L’azienda – che oggi realizza un fatturato di circa 15 milioni di euro, di cui oltre il 75% generato all’estero – serve i più importanti produttori internazionali del settore alimentare, affiancando alla capacità manifatturiera consolidata un know-how tecnico distintivo nella progettazione di soluzioni custom ad alta precisione.

L’acquisizione della quota di maggioranza di Errebi Technology è perfettamente coerente con la strategia del fondo Clessidra Capital Partners Green Harvest, dedicato alle PMI italiane dell’agrifood, con l’obiettivo di promuovere modelli di business sostenibili e competitivi lungo l’intera filiera.  

“Con l’acquisizione di Errebi Technology rafforziamo la strategia di Green Harvest lungo l’intera filiera dell’agrifood, includendo anche gli attori tecnologici che abilitano l’eccellenza produttiva del settore – commenta Andrea Ottaviano, CEO di Clessidra Private Equity SGR. – Errebi rappresenta un tassello importante di questa visione: un’eccellenza ingegneristica italiana che, con la sua tecnologia di precisione, abilita la qualità e l’efficienza dei processi produttivi dei propri clienti in tutto il mondo.”

“Errebi si distingue per un know-how tecnico raro nel settore degli stampi e cilindri di precisione, costruito in quasi cinquant’anni di attività e riconosciuto dai principali gruppi alimentari internazionali – aggiunge Emanuele Cuccio, Managing Director di Clessidra PE che ha guidato l’operazione. – Con il nostro ingresso intendiamo accelerare la crescita di Errebi, anche per linee esterne, attraverso il rafforzamento della capacità produttiva, l’ampliamento dell’offerta tecnologica e l’ulteriore sviluppo internazionale, valorizzando un modello industriale già solido e altamente specializzato.”

“Vedere Errebi entrare nel portafoglio di un investitore come Clessidra è per me una grande soddisfazione e il riconoscimento del valore costruito in questi anni – prosegue Massimiliano Paglione, imprenditore di Errebi Technology. – Ho scelto di reinvestire perché condivido la visione di crescita e sono certo che questo nuovo capitolo saprà valorizzare al meglio il lavoro fatto finora e le prospettive di crescita dell’azienda.”

Il team di Clessidra guidato dal Managing Director Emanuele Cuccio, ha visto coinvolti Veronica Tognoli, Vice President, e Niccolò Battisti, Analyst.

Nell’operazione Clessidra è stata assistita da Androschin & Co per la business due diligence, da Ughi e Nunziante per gli aspetti legali con un team composto dai soci Filippo Siano, Amon Airoldi e Gianluigi Pugliese e dalla senior associate Deniz Kivage, dallo Studio MNLex per gli aspetti di diritto societario, da CASE CASSIOPEA per l’attività di debt advisory, da KPMG per la parte finanziaria, da Efeso per la due diligence operations, dallo Studio Facchini Rossi Michelutti con un team composto dal Partner Giancarlo Pecorella, dal Senior Associate Armando Tardini e dall’Associate Massimiliano De Pasquale per gli ambiti fiscali, da ERM per la parte ESG e da Marsh per la parte assicurativa.

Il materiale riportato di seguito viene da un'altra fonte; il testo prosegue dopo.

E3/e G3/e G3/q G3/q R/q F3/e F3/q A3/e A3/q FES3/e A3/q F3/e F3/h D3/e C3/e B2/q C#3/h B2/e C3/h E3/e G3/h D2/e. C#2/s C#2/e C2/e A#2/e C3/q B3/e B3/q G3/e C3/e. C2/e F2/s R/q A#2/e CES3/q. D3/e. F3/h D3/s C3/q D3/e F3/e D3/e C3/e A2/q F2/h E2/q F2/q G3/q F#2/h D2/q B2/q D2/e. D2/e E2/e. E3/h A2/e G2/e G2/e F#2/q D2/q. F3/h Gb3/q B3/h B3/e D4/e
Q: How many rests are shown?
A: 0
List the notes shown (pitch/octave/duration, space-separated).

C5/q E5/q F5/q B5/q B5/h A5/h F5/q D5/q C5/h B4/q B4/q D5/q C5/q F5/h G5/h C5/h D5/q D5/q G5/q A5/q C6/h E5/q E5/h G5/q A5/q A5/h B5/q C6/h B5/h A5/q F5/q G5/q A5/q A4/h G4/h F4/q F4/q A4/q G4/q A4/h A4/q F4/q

Massimiliano Paglione è stato assistito da Luca Moscardo e Associati in qualità di M&A advisor, da Pavia e Ansaldo con un team composto dal socio Giuseppe Besozzi, dalla counsel Erica Lepore e dalla trainee Roberta Rotunno, dagli avvocati Guido Sola e Anselmo Sovieni per gli aspetti legali, dallo Studio Paio e Massarenti Commercialisti e Revisori per gli ambiti fiscali e dallo Studio Allegro Consulenti del Lavoro e Avvocati per gli aspetti giuslavoristici.

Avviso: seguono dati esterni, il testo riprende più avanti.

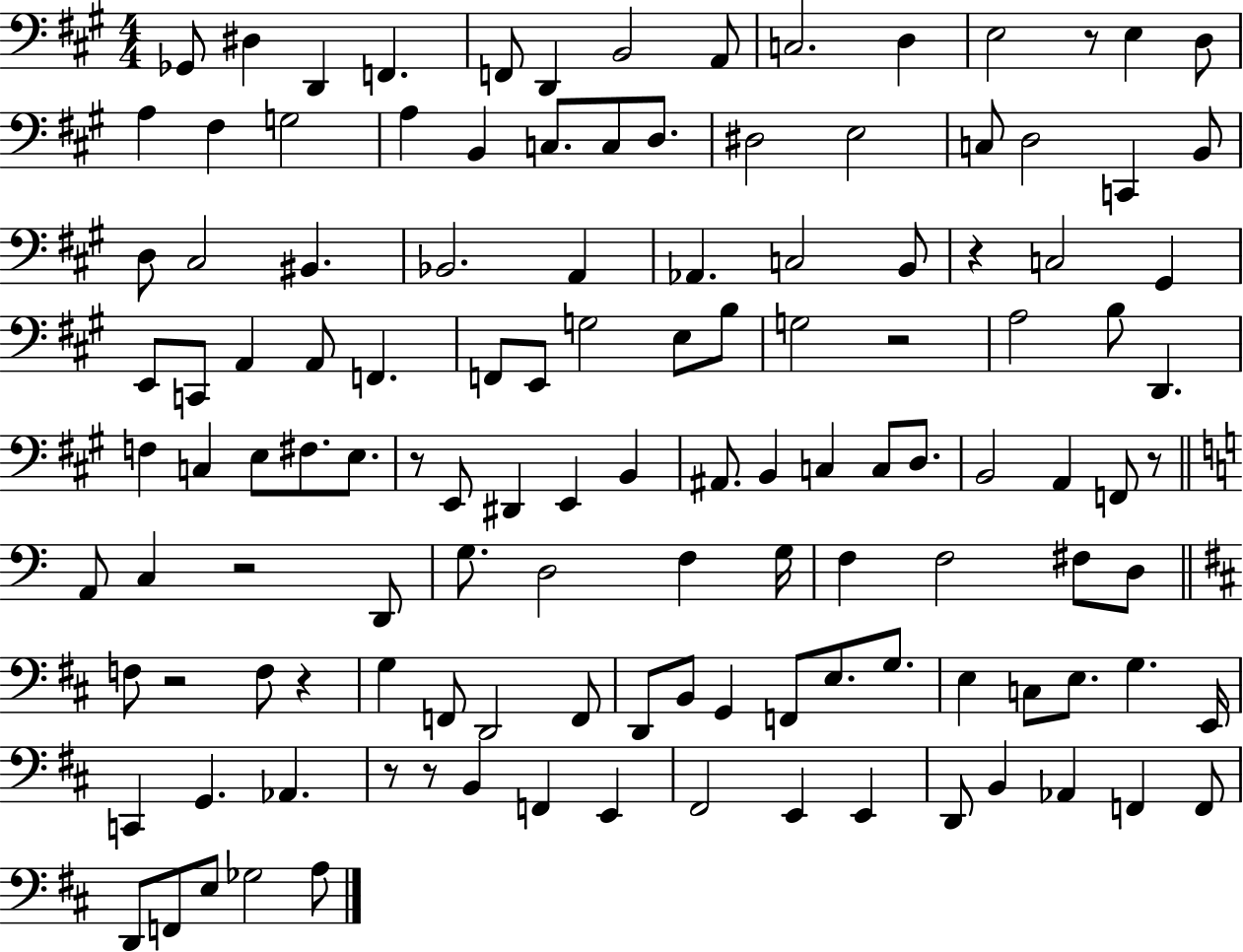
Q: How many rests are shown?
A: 10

L’operazione è stata finanziata da un pool di banche composto da Banca Ifis Spa (che ha agito anche in qualità di Banca Agente), Cassa Centrale Banca – Credito Cooperativo Italiano S.p.A. e Banca Prealpi SanBiagio. Le banche sono state assistite per gli aspetti legali dallo Studio Chiomenti con un team composto da Davide D’Affronto, Cettina Merlino e Francesco Burla.